A place usually witness only to passing activity, when lingered on, becomes like a stage set, a segmented sample of street, a cross section of horizontals of tarmac, bricks, sky, the rhythmic distribution of chimneys. Above my head electricity wires slice through blue, divvying it up triangularly like a cake. Things make passing appearances: clouds, birds (the collective whip around ffp ffp ffp of wings: a sound pocketed in the quiet), a popcorn wrapper scratching around on the footpath that my socked feet can feel; they rest on a crack which moves out from them and away to the right.

There is a thick curving corner of red brick to my right (my house, the facade of my house – what is this the threshold of? – the face of something which doesn’t resemble it’s face at all; the face bears more resemblance to what it sees than what it contains). The curving corner of brick was the same temperature as my hand when I first touched it; now it is slightly warmer. It is terra cotta and feels rough and bulbous as if lava cooled to make it. 

All of the windows directly opposite me have their blinds shut, but in one of them I see the woman who is going into her house – right beside me to my left – reflected; the woman right beside me is reflected in a window whose blinds are shut across the street.

Birds, collectively, are like clouds in their presence. I want this to be translatable, to describe every moment and movement of their presence in the scene, but can say nothing about it. 

Clouds (like birds) create an experience which is very private but also very other: private because they act as if I alone have glimpsed precisely this formation; we are engaged in an intimate relationship of showing and seeing, and because of the distance covered by or contained in this relationship, which acts like a secret. But then there is the dispersal, the moving on, with which the cloud takes itself off and is now showing something different to somebody else.

A gull punctures the world with its sound.

Another bird – I can’t remember what kind of bird, only its movement – launches from the ground – grabbed by a bend and spring, its slow stride is interrupted, and it is flung into a smoother and more rapid ownership of space, a swifter consumption.

A van pulls up; the woman in the house to my left (who I had seen in the window) comes back out and walks in front of me.

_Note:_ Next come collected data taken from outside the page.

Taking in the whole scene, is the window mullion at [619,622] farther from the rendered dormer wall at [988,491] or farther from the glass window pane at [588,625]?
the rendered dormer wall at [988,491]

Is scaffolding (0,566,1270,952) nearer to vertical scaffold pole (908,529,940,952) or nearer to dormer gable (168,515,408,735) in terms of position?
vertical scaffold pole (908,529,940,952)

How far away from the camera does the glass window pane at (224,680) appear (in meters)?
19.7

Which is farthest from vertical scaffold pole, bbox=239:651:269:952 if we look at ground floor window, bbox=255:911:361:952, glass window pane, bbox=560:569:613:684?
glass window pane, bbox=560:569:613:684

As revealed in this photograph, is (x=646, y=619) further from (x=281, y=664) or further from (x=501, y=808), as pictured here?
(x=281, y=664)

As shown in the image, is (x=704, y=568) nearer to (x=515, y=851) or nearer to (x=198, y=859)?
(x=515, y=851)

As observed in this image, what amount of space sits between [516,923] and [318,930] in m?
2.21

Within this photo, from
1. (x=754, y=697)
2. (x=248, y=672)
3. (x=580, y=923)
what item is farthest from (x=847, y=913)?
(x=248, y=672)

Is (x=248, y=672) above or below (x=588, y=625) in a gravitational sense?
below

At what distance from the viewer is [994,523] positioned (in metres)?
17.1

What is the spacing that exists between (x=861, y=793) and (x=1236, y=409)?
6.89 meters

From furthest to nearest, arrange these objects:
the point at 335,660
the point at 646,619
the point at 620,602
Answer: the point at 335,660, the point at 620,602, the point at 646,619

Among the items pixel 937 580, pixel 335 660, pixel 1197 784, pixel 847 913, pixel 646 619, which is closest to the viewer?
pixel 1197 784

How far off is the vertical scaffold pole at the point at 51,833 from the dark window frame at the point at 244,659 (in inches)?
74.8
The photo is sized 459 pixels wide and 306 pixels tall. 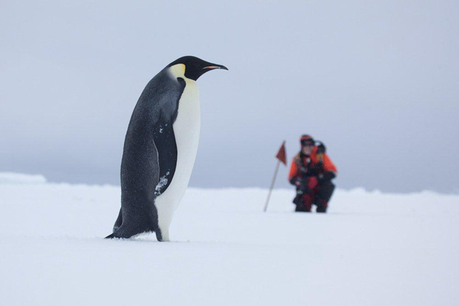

There is some trouble with her car and a man gets out of the van, leaving it running as he helps her (a lazy sound that dissolves into the sunshine). She walks back into my vision and says ‘hi’, apologizes for the noise. I can just about see to my right the back of her body as she touches her hand to her head, this stance making a base for her intermittent gestures of frustration. Their words drift in the other direction. The sun on the street, or some other quality – a texture detectable only through its objects – blankets the scene with inevitability which makes it a comfort, like a nuisance one is fond of. It has laid itself down with the simplicity of a sheet.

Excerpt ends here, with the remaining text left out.